La crisis de los cuarenta no es femenina.
Las crisis son un fenómeno cultural del que no escapa nadie, porque somos lo que hemos mamado y las sociedades donde vivimos: en ese sentido, las mujeres también son sensibles y perciben muchísimo el paso del tiempo, en aspectos como la relación con el propio cuerpo, que a su vez también afectan a la idea de que una mujer tiene del deseo o de la sexualidad. La mujer, y esto también tiene un punto de vista más cultural, sufre más la fuerza de lo superyoico, de todo aquello que nos han enseñado, del peso de la cultura. El súperyó es aquello que la cultura nos manda hacer, y siempre tiene un peso superior en el caso de la feminidad. Ahora vivimos en una sociedad liberada y las crisis aparecen no tanto por la represión, como en la era victoriana de Freud, como por la agresividad: una crisis como la de los cuarenta también puede implicar una cierta rebelión, porque también luchas contra lo que la cultura espera de ti.

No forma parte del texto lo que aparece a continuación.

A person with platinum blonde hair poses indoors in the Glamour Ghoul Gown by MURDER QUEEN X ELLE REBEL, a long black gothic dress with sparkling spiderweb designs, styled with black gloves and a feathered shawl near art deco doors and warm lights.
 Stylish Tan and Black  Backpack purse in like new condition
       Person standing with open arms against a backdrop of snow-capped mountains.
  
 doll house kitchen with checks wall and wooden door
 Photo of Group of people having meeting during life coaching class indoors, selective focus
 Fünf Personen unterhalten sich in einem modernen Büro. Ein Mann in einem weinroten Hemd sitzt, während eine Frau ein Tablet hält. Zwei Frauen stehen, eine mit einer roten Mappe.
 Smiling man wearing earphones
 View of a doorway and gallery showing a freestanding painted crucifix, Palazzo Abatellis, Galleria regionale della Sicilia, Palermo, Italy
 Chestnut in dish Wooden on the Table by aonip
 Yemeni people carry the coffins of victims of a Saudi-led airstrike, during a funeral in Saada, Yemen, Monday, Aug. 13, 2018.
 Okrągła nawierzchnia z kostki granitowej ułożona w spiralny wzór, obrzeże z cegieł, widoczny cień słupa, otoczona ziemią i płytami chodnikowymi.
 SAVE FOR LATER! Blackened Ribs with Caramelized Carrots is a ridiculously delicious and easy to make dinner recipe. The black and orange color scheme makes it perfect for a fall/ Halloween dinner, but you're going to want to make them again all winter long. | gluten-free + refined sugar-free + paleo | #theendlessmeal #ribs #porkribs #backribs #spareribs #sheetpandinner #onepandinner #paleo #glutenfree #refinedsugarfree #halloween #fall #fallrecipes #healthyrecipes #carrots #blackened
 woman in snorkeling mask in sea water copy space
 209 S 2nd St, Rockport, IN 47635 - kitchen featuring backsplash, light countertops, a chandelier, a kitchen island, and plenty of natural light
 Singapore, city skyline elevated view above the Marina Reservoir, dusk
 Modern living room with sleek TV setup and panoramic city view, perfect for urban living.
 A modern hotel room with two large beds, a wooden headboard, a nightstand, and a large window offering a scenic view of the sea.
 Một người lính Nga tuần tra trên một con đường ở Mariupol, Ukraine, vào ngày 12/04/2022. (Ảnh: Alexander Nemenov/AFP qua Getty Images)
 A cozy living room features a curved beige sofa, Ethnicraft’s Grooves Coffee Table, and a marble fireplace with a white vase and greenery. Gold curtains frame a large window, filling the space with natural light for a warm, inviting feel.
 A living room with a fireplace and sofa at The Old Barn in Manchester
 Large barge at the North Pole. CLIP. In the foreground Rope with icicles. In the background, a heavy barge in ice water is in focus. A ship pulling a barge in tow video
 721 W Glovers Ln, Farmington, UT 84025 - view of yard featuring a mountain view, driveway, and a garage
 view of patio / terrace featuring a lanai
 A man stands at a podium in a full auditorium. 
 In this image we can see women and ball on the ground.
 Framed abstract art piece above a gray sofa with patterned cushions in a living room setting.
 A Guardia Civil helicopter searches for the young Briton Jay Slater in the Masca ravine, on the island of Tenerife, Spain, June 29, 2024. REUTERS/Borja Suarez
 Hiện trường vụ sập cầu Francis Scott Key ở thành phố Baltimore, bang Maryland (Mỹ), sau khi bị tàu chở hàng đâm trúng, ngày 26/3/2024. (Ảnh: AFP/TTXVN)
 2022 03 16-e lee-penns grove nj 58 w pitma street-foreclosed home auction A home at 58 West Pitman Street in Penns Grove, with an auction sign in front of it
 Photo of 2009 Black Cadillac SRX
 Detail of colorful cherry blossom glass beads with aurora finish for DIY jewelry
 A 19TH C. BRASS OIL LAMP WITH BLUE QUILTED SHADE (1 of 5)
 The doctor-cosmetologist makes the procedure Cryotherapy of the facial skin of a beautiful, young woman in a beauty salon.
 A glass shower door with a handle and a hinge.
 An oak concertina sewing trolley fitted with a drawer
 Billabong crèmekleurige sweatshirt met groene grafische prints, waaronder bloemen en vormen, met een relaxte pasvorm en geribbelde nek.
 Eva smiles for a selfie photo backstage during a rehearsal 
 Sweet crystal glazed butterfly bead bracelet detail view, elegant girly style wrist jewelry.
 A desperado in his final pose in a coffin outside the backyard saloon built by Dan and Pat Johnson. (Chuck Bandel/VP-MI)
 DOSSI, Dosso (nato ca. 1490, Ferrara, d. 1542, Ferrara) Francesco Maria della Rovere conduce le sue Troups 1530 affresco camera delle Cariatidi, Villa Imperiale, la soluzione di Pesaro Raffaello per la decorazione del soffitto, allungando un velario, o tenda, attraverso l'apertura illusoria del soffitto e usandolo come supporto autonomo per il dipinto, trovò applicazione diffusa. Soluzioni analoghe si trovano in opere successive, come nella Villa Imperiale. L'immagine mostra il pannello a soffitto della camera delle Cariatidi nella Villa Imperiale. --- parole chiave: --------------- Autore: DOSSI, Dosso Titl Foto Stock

Tenemos demasiado miedo a la ira
Exijo el derecho a la ira.
Esto me interesa muchísimo, porque la sociedad nos vende siempre que la ira, o la agresividad, es un sentimiento negativo. En la consulta tengo a mucha gente cabreada, con ganas de cargárselo todo. Y yo siempre les digo que no pasa nada, ¡porque estar enfadado no es sinónimo de quemarlo todo! ¡Desear cargarse a alguien no implica necesariamente matarlo! ¡Es muy sano cagarse en dios, por ejemplo! La gente se siente así en un entorno social donde impera lo políticamente correcto: y uno debe entender que la agresividad no genera necesariamente violencia. Sin un poco de mala leche no podemos vivir. De hecho, una de las constantes más grandes que yo veo en los pacientes es el temor a la ira, porque uno la asocia con la agresión, la negatividad. Pero la ira es como la sal en un guiso: demasiada lo hace infumable, pero si hay poca resulta soso. La gente intenta obviar los sentimientos que tienen mala prensa. ¡Tú no puedes cargarte a tu pareja por celos! Pero tiene mucha más posibilidad de hacerlo alguien que no es consciente de su propia celosía que no alguien que sabe que sufre por ello. Si siento celos, o envidia, eso no implica que sea mala persona.